2007 novel by Ursula K. Le Guin

Powers (2007) is the third book in the trilogy Annals of the Western Shore a young adult series by Ursula K. Le Guin. It is preceded in the series by Gifts (2004) Voices (2006).

Powers begins in the city of Etra, a city-state resembling the Roman Republic in which wealthy families keep slaves. Gavir and his sister are slaves of the wealthy family of Arcamand. Possessed of an exceptional memory, Gavir is trained to be a teacher, and as a child is convinced of his owner's benevolence. After his sister is raped and killed, a grief-stricken Gavir leaves the city. Pursued by a slavecatcher, he travels through various societies as he attempts to find a home.

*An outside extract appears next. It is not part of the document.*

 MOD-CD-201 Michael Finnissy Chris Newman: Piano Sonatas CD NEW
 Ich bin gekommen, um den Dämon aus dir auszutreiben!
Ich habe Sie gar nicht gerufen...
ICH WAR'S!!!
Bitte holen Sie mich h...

Powers won the 2008 Nebula Award for Best Novel. It was positively received by reviewers, who praised its exploration of power and freedom in society, and wrote that Le Guin had created a convincing setting. Multiple reviewers suggested that Powers conveyed a sense of hope to young readers finding their place in the world.

== Setting ==
Powers is the third volume of Annals of the Western Shore, following Gifts (2004) and Voices (2006). Gifts tells the story of Gry and Orrec, who grew up in Uplands in the far north of the fictional world depicted in the series, while Voices is set in the city of Ansul, in the southern region of the same world. The civilization of this world was settled by people from across a desert to the east of the regions depicted in the series. It consists of a number of city states, as well as some nomads on the borders of the desert. Powers begins in the city of Etra, whose political structure is similar to that of the Roman Republic. The wealthy families keep slaves, of whom the protagonist, Gavir, is one. Slaves are not allowed to keep their children, and slaves are thus considered not to have ancestors. Gavir and his sister Sallo are of the Rassiu, or marsh people, kidnapped as children by slave-takers. They are raised in the household of Arcamand alongside the children of the Arca family that owns them.

== Plot ==
Gavir has the gift of exceptional memory and occasional precognition. As a young child he "remembers" future events, but his elder sister Sallo cautions him to keep his power secret. All the household's children, free and enslaved, are educated by Everra, an elderly slave who trains Gavir to succeed him. Gavir is treated kindly by Yaven, the Family's eldest son, but as the children grow older he is often bullied by Yaven's brother Torm, and their half-brother Hoby, born to a slave woman. When Everra attempts to discipline Hoby, Torm challenges him, and in a fit of rage fatally wounds a younger boy. Torm is sent to train with soldiers, and the children pass several uneventful years.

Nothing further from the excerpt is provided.